In transport and logistics, shipping company Pacific International Lines is already active throughout the continent, and, according to Dr Koh, port operator PSA International is eyeing opportunities to manage African ports. In the education sector, Singapore’s Institute of Technical Education (ITE) has already partnered with some African countries to improve vocational training.
Lessons for Africa
Singapore is globally seen as a development success story, having transformed itself from a poor country in the 1960s to one of the world’s most competitive economies.
According to Dr Koh, Singapore managed to industrialise by making it attractive for multinationals to set up shop in the country.
“In the early years when we became independent, I think we went through very much the same thinking process as African nations today – how do we create enough jobs for our people to give them a good income? So we went onto the industrialisation track. And one of the things we did was to bring in the multinational companies (MNCs) – making the economy open enough and attractive enough for them to be here. Because unless you yourself have all the necessary know-how to start all the industries by yourself, how can you begin to create all these jobs out of nowhere?
“When MNCs come in they create jobs, but they also create an ecosystem for other SMEs to support them… And when MNCs come, they also bring along the financial institutions, and then along the way you grow the financial sector. The banks want to be there where their customers are.”
Dr Koh stressed the importance of providing a favourable business environment for multinationals. “When you ask people to put in millions and millions of dollars in infrastructure, they want to have certainty and transparency. They want to know that you are not going to expropriate their investments through an unstable political system or corruption… The rule of law is very important, especially if you don’t have any investment treaties that you have signed with the home country of the MNC… If they cannot see transparency and certainty, they are not going to come.”

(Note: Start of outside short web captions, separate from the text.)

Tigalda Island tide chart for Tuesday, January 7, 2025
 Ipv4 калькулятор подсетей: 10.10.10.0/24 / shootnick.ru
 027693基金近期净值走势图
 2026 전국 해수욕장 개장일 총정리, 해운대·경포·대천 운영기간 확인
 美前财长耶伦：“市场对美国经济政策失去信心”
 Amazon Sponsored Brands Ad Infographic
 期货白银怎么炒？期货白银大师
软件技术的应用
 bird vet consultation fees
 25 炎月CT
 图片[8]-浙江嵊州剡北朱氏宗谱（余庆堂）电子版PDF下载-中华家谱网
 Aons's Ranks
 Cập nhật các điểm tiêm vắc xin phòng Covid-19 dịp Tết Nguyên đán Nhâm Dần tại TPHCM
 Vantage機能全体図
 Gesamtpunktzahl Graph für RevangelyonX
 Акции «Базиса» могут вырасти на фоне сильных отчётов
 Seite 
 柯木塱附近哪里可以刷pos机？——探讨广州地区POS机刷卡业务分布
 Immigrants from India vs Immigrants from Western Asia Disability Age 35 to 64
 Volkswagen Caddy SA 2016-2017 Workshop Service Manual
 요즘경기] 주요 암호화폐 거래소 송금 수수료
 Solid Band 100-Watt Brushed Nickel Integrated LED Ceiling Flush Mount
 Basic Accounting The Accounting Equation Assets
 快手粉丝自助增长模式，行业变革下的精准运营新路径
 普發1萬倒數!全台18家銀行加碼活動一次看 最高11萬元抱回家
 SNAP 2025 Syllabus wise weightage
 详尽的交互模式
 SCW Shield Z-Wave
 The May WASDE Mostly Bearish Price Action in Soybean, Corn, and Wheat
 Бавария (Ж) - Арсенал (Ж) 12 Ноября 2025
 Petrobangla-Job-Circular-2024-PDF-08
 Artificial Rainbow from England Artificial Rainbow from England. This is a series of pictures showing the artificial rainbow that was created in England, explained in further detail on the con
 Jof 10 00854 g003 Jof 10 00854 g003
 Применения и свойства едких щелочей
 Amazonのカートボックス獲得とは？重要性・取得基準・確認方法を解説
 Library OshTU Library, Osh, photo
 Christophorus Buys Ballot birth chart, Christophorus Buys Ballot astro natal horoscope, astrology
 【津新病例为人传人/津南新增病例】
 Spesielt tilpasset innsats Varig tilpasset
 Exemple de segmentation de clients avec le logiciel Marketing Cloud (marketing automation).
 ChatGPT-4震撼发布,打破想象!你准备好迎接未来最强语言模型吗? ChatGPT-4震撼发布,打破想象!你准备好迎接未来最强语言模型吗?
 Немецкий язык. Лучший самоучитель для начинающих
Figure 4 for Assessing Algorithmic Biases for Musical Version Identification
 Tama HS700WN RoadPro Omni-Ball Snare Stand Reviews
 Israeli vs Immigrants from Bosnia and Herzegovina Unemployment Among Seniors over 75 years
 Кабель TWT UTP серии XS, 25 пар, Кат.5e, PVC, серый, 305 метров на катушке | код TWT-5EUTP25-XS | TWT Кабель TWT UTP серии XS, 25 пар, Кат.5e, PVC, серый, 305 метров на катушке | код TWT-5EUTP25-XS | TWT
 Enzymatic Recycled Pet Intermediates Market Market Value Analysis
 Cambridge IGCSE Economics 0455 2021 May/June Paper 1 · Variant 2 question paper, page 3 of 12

He also cautioned against having unrealistic development ambitions. “Some countries want to build high-tech industrial parks, because they are captured by the notion of high technology and innovation. But you got to ask yourself if you’ve got the workforce for that. You cannot go on the same bandwagon as someone else in a different phase of development.
“Smart city is a term that many people use. However, the question is: do you have the people with the level of education, the level of technological savviness? Is your entire ecosystem ready for smart technology? At the end of the day, the smart city and the smart technology must make life better for people. It must not increase the rich-and-poor divide. If everyone in the country doesn’t even have a computer, it means only the rich can use the smart technology and the smart services.”